VIC FAN CLUB
ESSAY

大町だより 2

冬の洗礼

上村 縁

 引っ越してきて、みんなに言われました。「ふーん、最近引っ越してきたんだ。じゃあ、冬は今年が初めてなんだね」と含み笑いされつつ。そして、職場では毎年冬がどんなに寒いかを、そして積雪量がスンゴイだと解説され、ドキドキしておりました。
 紅葉のシーズンを迎え、家のまわりの山々が本当にキレイだったのです。ああ、紅葉ってこんなにキレイなんだあ。と、乙女チックに妙に感傷的になったりしていました。
 そして、その朝はやってきました。

 その日は珍しくお寝坊をしてしまい、けれど体が動かず、それはそれは自分にムチ打って、起きたのです。トイレにたち、窓の外がなんか白いなあ。(トイレの窓はすりガラス)とぼやーんとしておりました。でも寒さでからだがドンドン目覚めていくうちに、頭の中身も晴れてきつつありました。「お、チョット待って。なんで白いねんな。道路はアスファルトやから黒いはずやろ?」ガラッと窓を開けたとたん、私は我が目を疑いました。そこに広がるのは一面の銀世界。しかもまだ降り積もっているのです。おどけちゃった(大町弁でおどろいた)とはこのことです。もう、こうなったらひとりで驚いてはいられません。即、全員を起床させました。が、だんなの「ゆかちゃん、朝からウルサイよ。もうちょっと静かになんないの?」だの子供達の「おかあさん、また寝ぼけとるんちゃう?」だの文句を言われ、ムッとした私は窓を思いっきり、全開し「ほら、見てみなよ」と誇らしげに言ったのです。みんなおおっと驚いてくれ、とてもご満悦だったのですが、「ゆかちゃん、ストーブつけてよ」という言葉に我にかえりました。「灯油なんて買ってるわけないやん。
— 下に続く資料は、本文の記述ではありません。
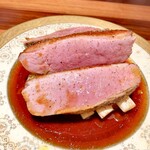 創作料理Ryota  - ・京都府産鴨胸ロース肉のロースト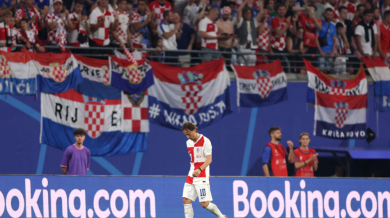 На какво се надява Хърватия за място в елиминациите?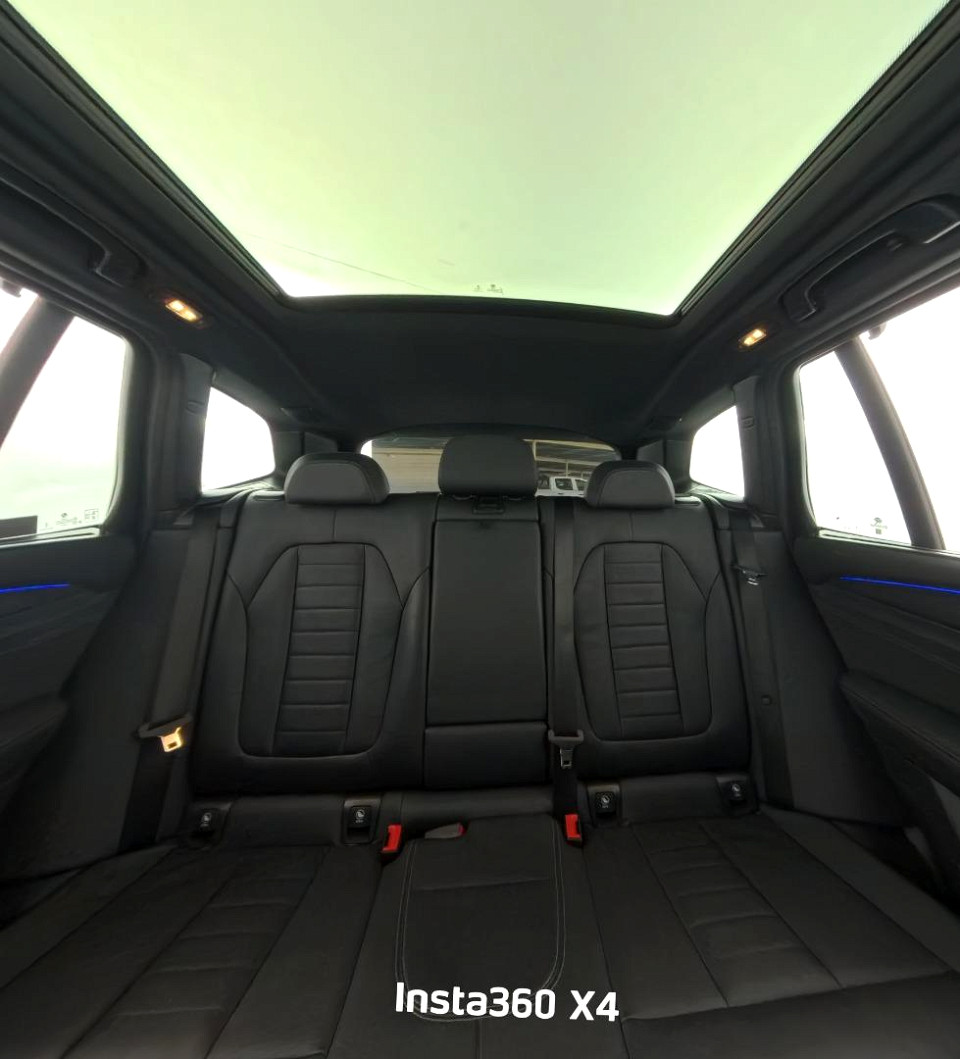 2023 BMW X3 sDRIVE20i M SPORT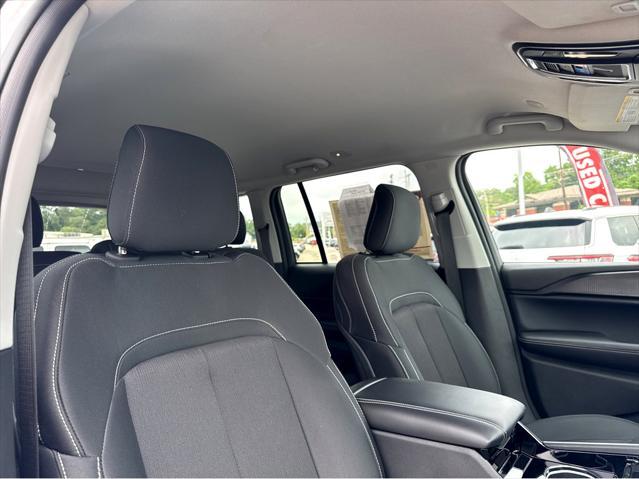 used 2023 Jeep Grand Cherokee car, priced at $30,833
一昨日の日曜なんか、あんなに暖かかったんやもん。」「お前、バカじゃないの? あれほど冬はスゴイって言っただろ。」「そうやって、お母さんケチやもん。こうてくれてるわけないやん」と、家族の非難ゴウゴウ。

 結局、だんなのおとうさんちが2軒隣で、そこに灯油があったので、当座はしのげました。子供達は、たまたま昨晩中にだしておいた、ジャンパーを着て、りんねえはブツブツと。葉月はワクワクして学校へ出かけていきました。さて、私です。通勤には、車を使っています。が、スタッドレスタイヤはまだ買ってもありません。ないからもちろん、タイヤ交換もできません。やんでいるならともかく、降り続けているので、早くでて、徒歩かな? と思っていたら、さっき灯油と一緒に自分のスタッドレスもつんできてて、だんなが自分の車をタイヤ交換しているではありませんか? 「なあ、今日は店?」「そうだよ。わかってるよ。だからこうやって、急いで換えてるんだろ」そうして、私は市長さんのように、玄関ホールまで車で乗り付けて、出勤したのでした。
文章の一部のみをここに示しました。